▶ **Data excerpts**
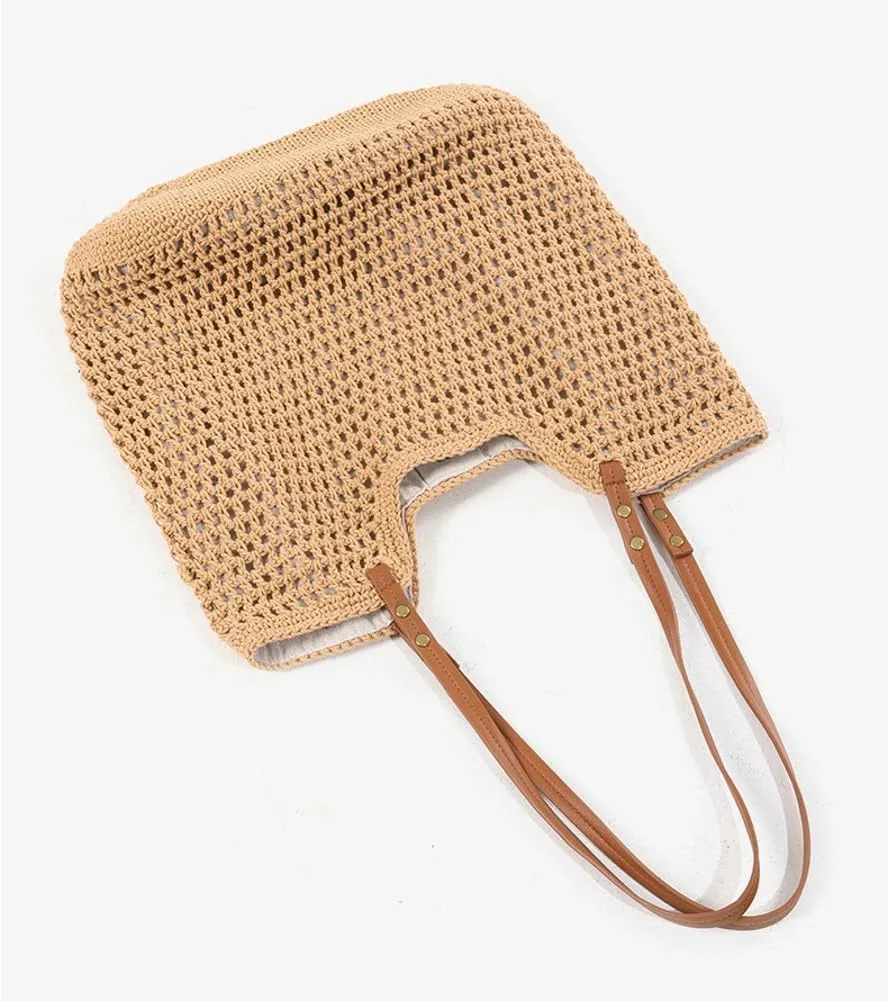 Women Large Summer Beach Tote Shoulder Bags Crochet Handwoven Cotton Knitted Summer Top-handle Bag Hollow Purse Handbags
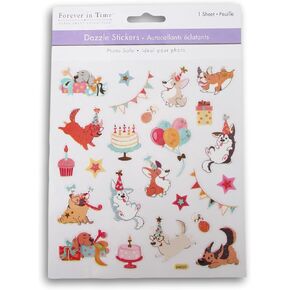 Party Dog Stickers - Birthday Adhesive Decals for Crafts & Scrapbooks - 25 Pieces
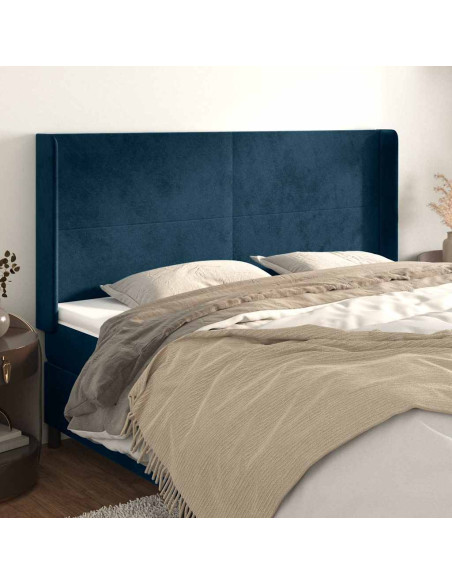 Testiera ad Orecchio Blu Scuro 163x16x118/128 cm in Velluto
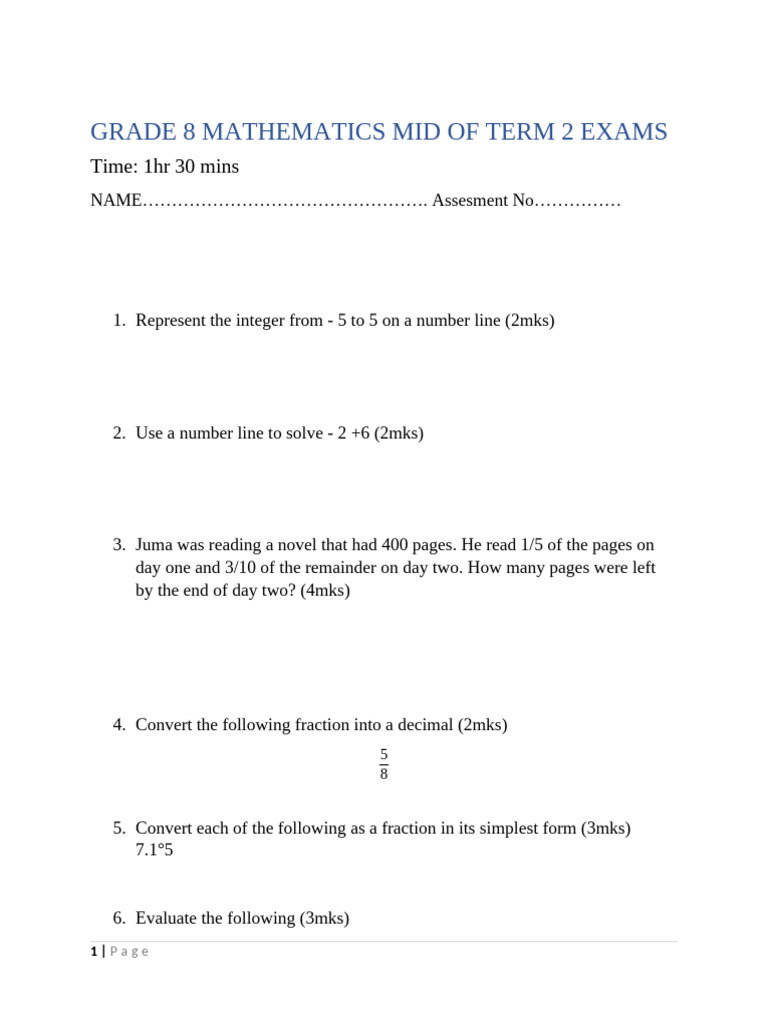 Grade 8 Mid-Term Math Exam Questions | PDF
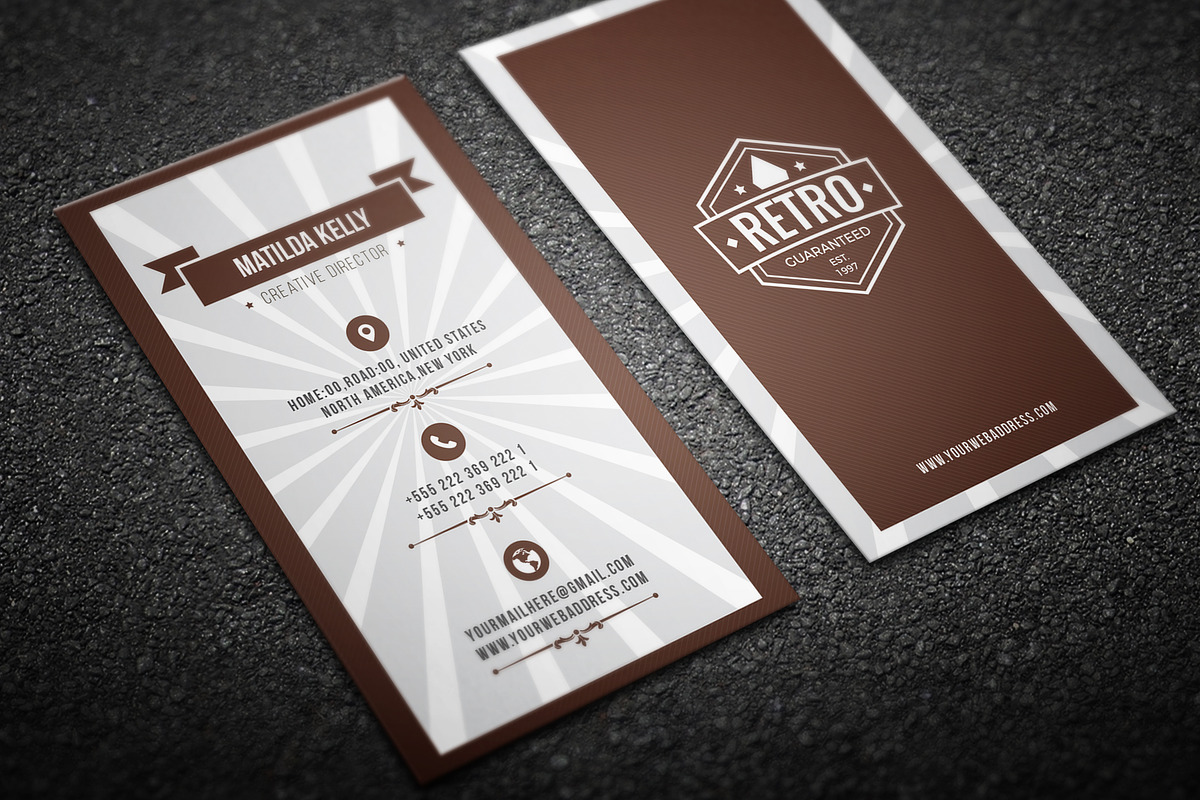 Retro Business Card, a Business Card Template by ZAAS (Photo 2 of 5)
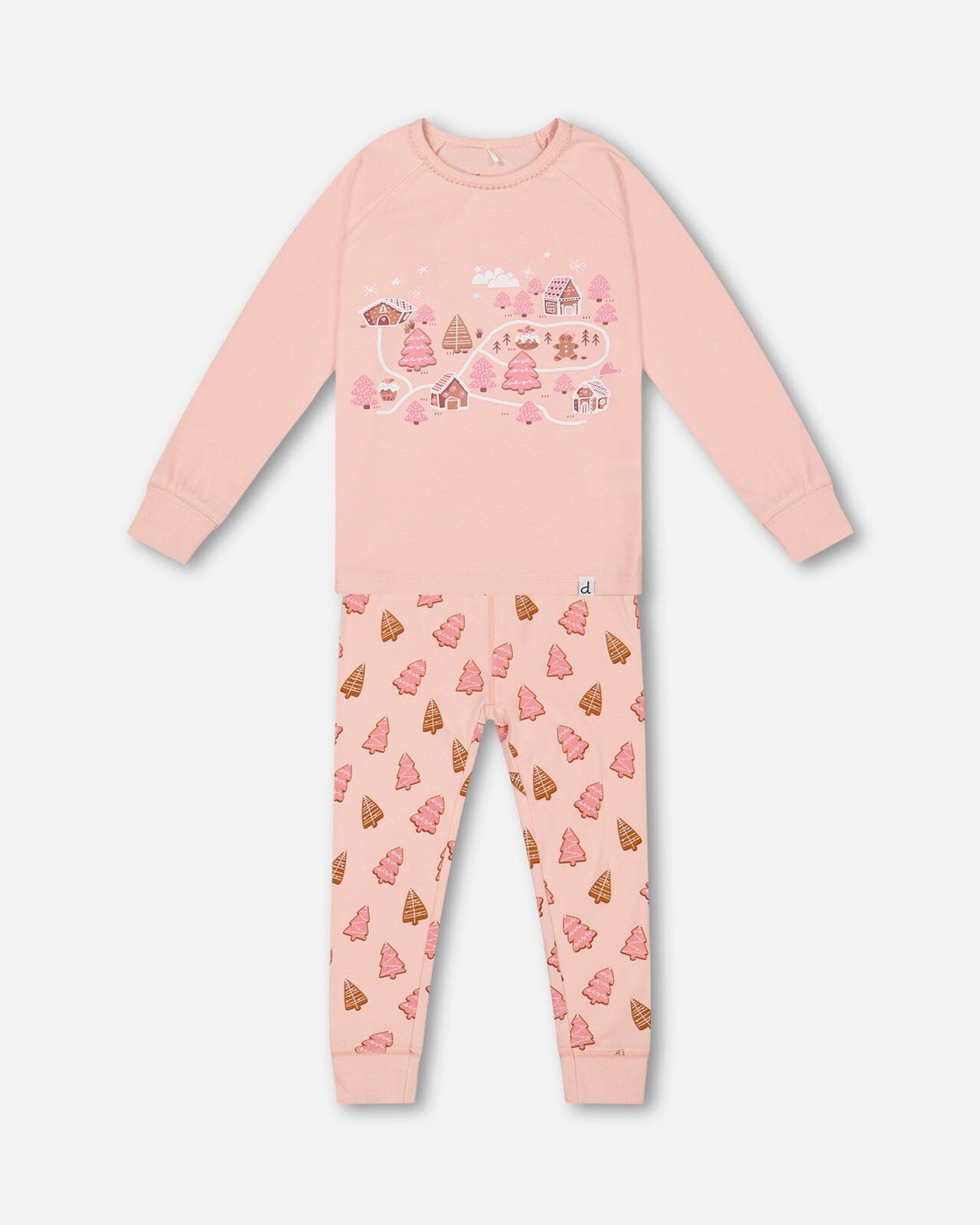 Organic Cotton Two Piece Pajama Set Pink Christmas Cookies-0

▶ **EXERCISE OBJECTIVE**
Output only the lines that run from the line containing "Party Dog Stickers" to the last line of the data, exactly as they stand and without pictures.

▶ **COMPLETED EXERCISE**
 Party Dog Stickers - Birthday Adhesive Decals for Crafts & Scrapbooks - 25 Pieces
 Testiera ad Orecchio Blu Scuro 163x16x118/128 cm in Velluto
 Grade 8 Mid-Term Math Exam Questions | PDF
 Retro Business Card, a Business Card Template by ZAAS (Photo 2 of 5)
 Organic Cotton Two Piece Pajama Set Pink Christmas Cookies-0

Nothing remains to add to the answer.